§ **About this exercise**:
Output exactly, and only, the stretch of lines beginning at the line with "Villa Nani Mocenigo Dolo Dış mekan fotoğraf" and ending at the last line of the listing below. Drop the pictures.

§ **The input**:
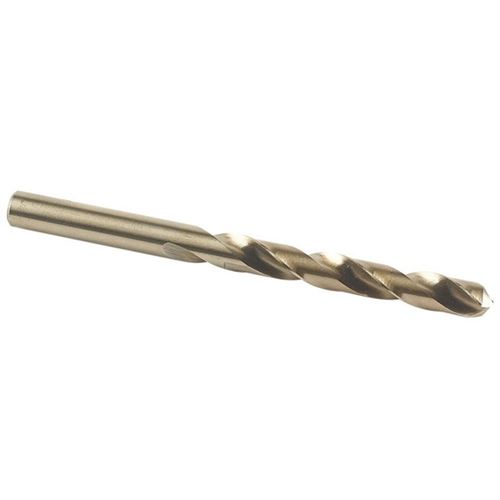 Gfb DIN 338 HSS Altın Seri Matkap Ucu 8.0 mm
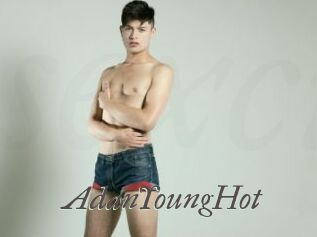AdanYoungHot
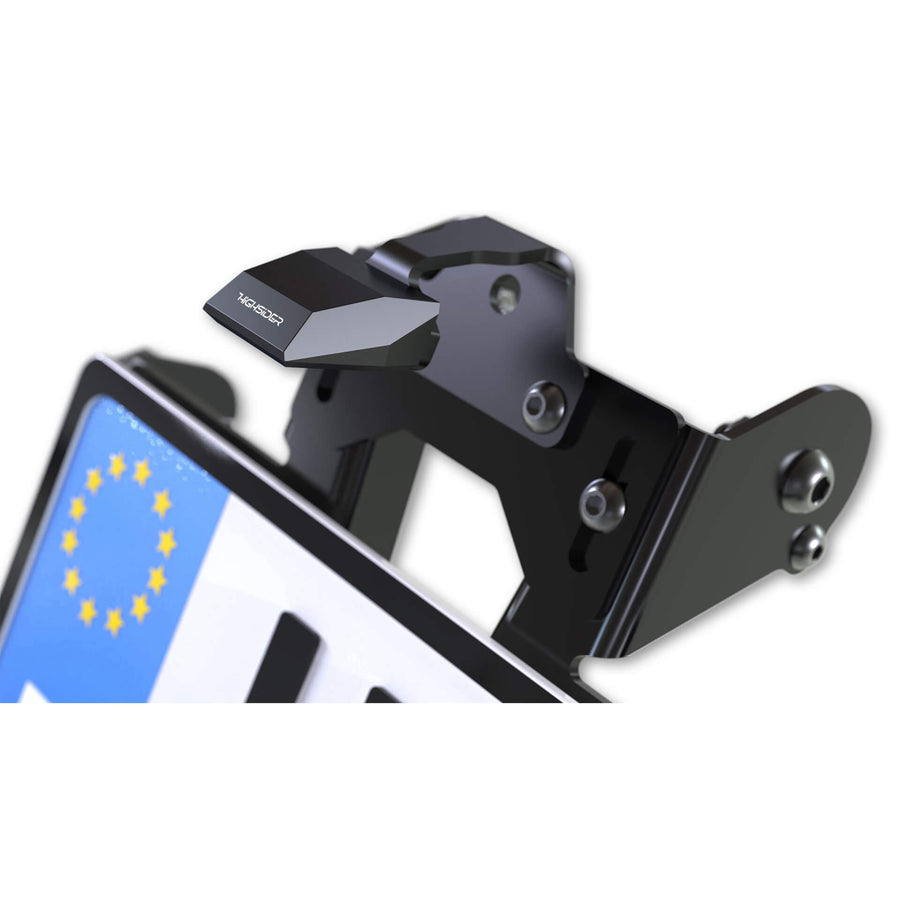 Honda CB 1000 R NEO SPORTS CAFE ABS SC80 [2021-2023] - per skiltholder Akron-RS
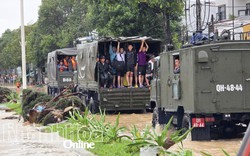 Thông báo khẩn: 3 tỉnh đặc biệt chú ý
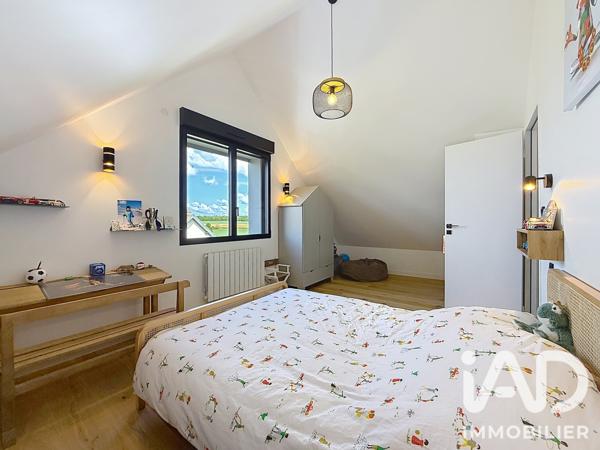 Maison (prestige) à vendre 5 pièces 220 m² Saint-Fuscien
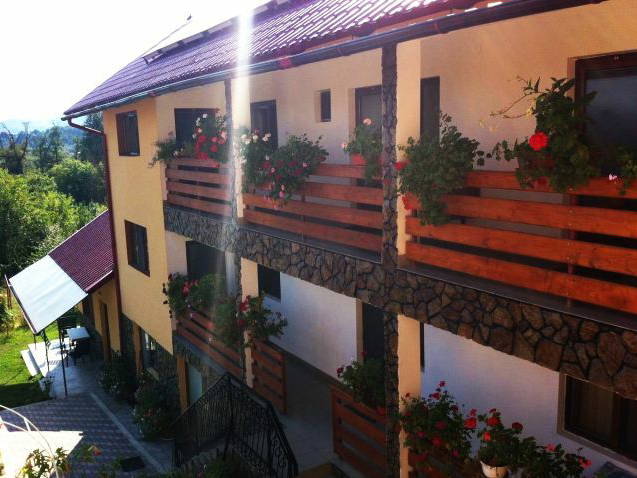 Casa Inteira Horezu 161271-2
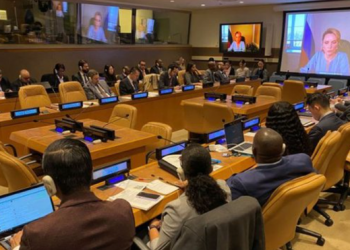 Rusia flet në KS për të drejtat e fëmijëve, Shqipëria e bojkoton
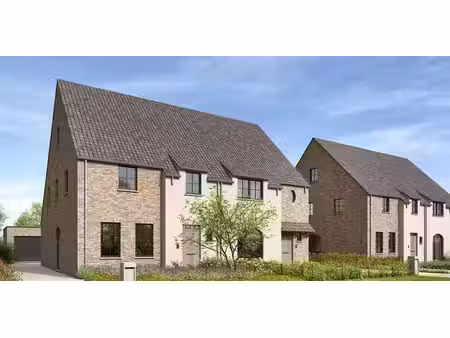 terrain à vendre à lede pour € 195.000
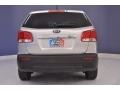 2013 Titanium Silver Kia Sorento LX  photo #6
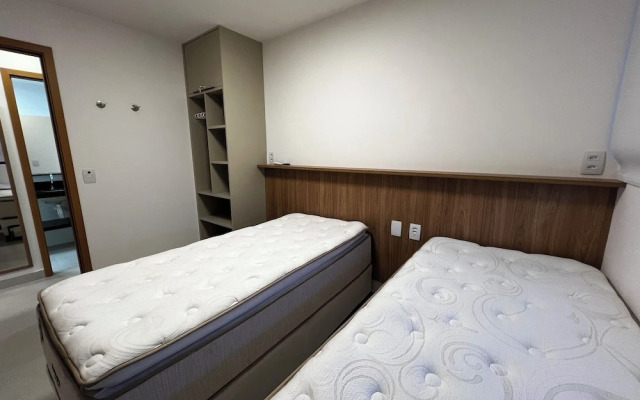 Studio Design 3 - Apto 915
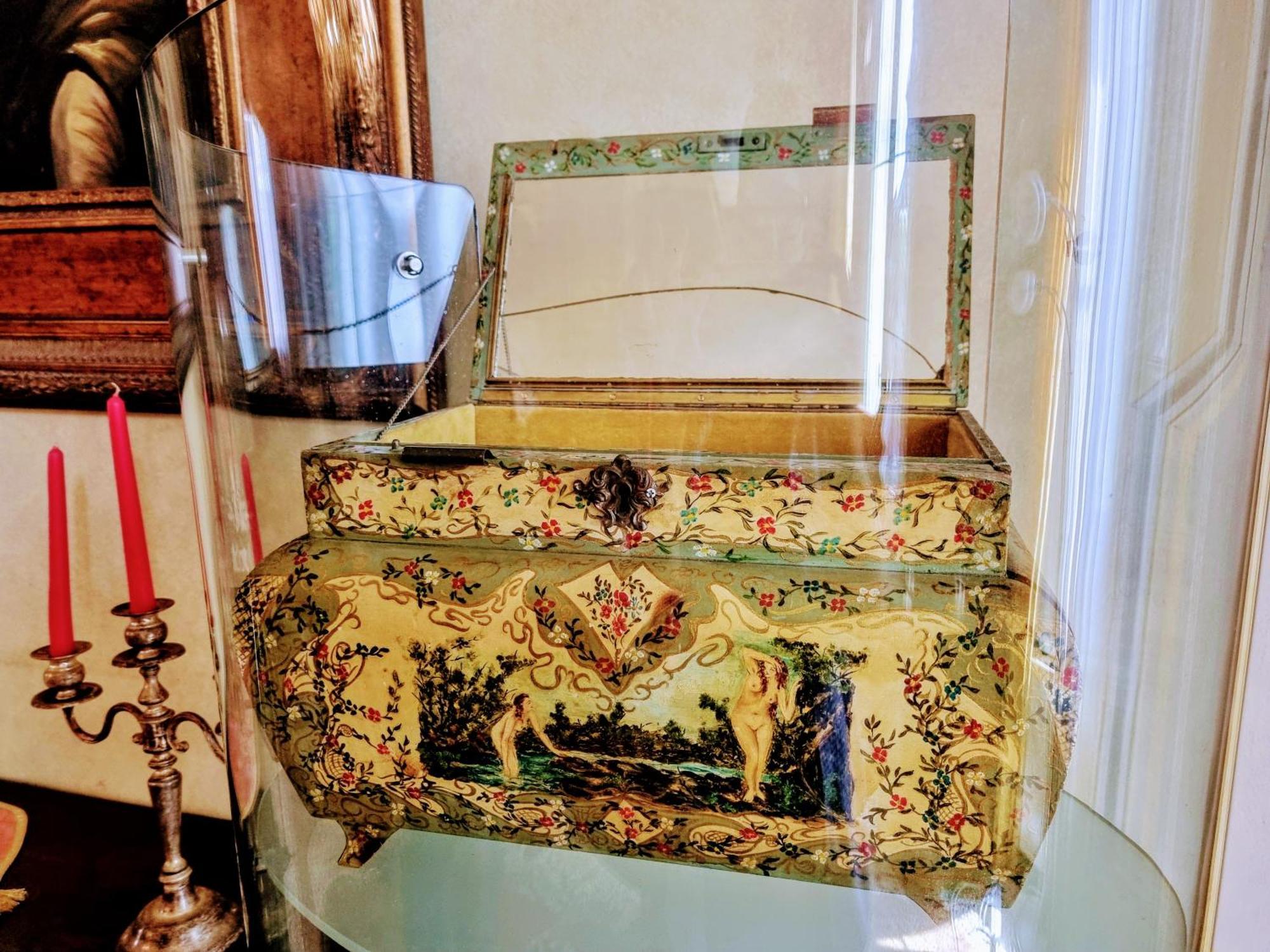 Villa Nani Mocenigo Dolo Dış mekan fotoğraf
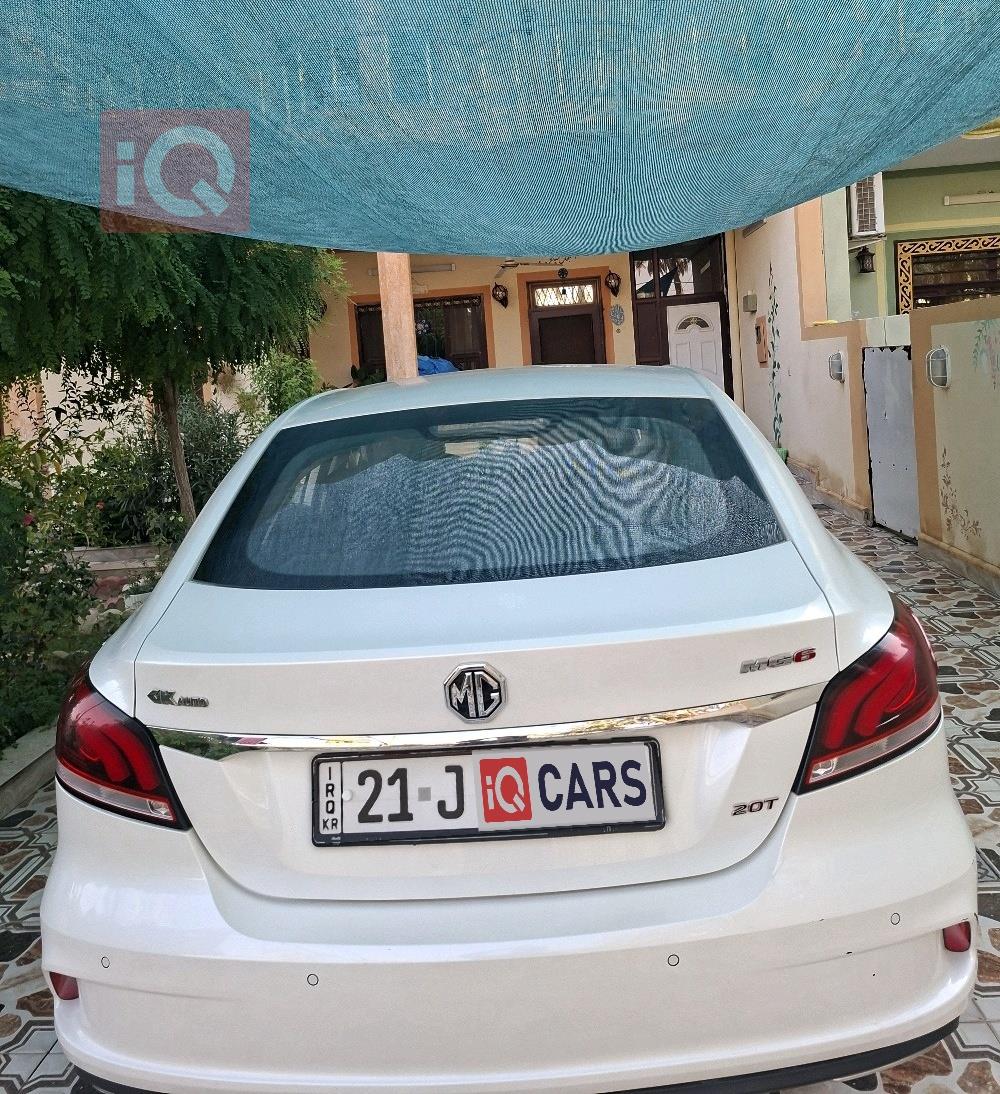 MG 6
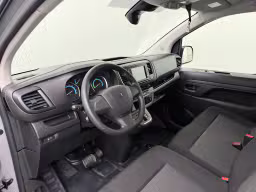Peugeot Expert Lang 75Kwh | Elektrisch | 6.278 km | 2023 |  pk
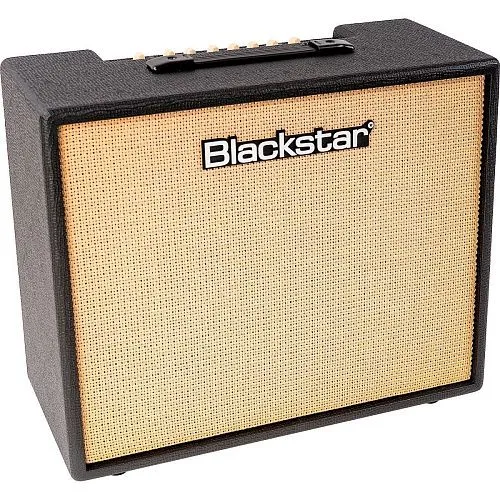 Blackstar Debut 100R BLK Комбо гитарный транзисторный.	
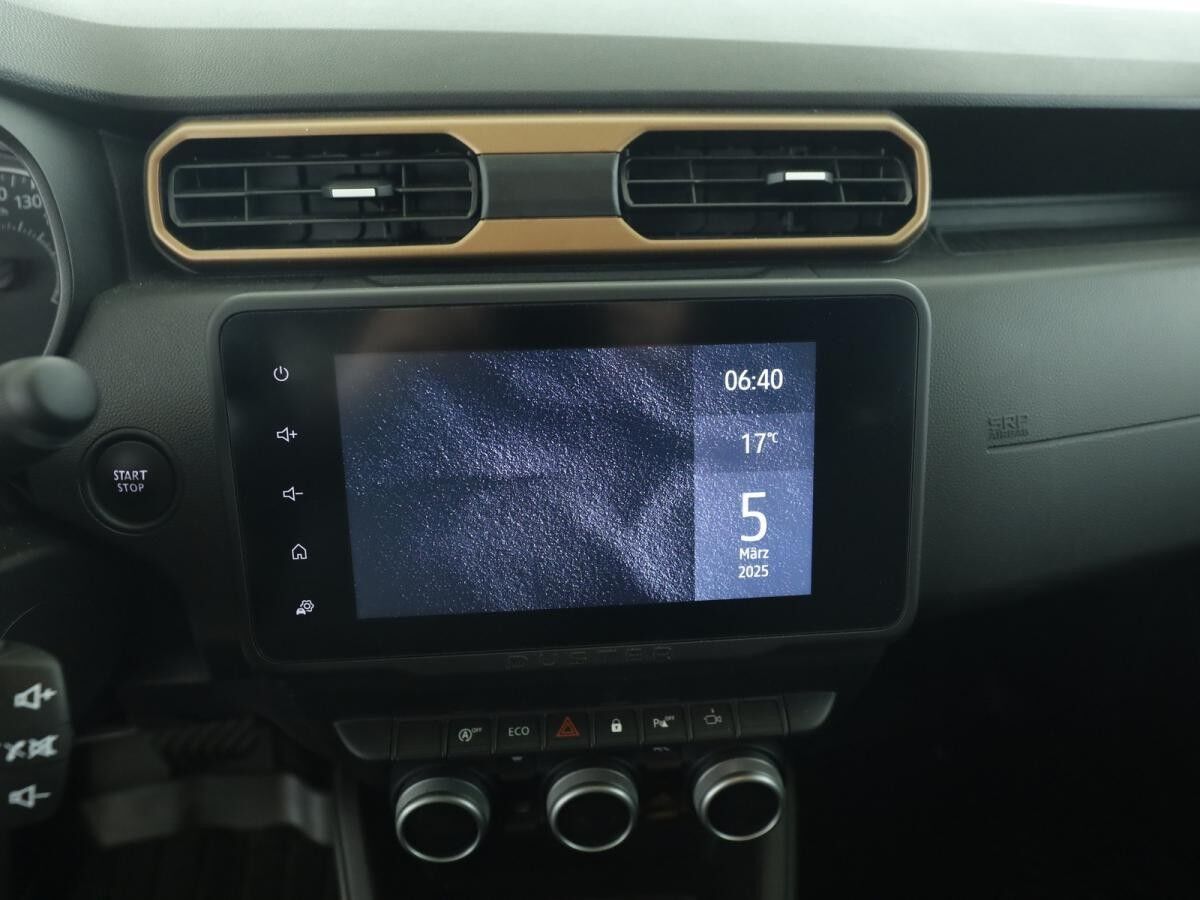 Dacia Duster II 1.3 TCe 150 Extreme 2WD GPF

§ **Answer space**:
 Villa Nani Mocenigo Dolo Dış mekan fotoğraf
 MG 6
Peugeot Expert Lang 75Kwh | Elektrisch | 6.278 km | 2023 |  pk
 Blackstar Debut 100R BLK Комбо гитарный транзисторный.	
 Dacia Duster II 1.3 TCe 150 Extreme 2WD GPF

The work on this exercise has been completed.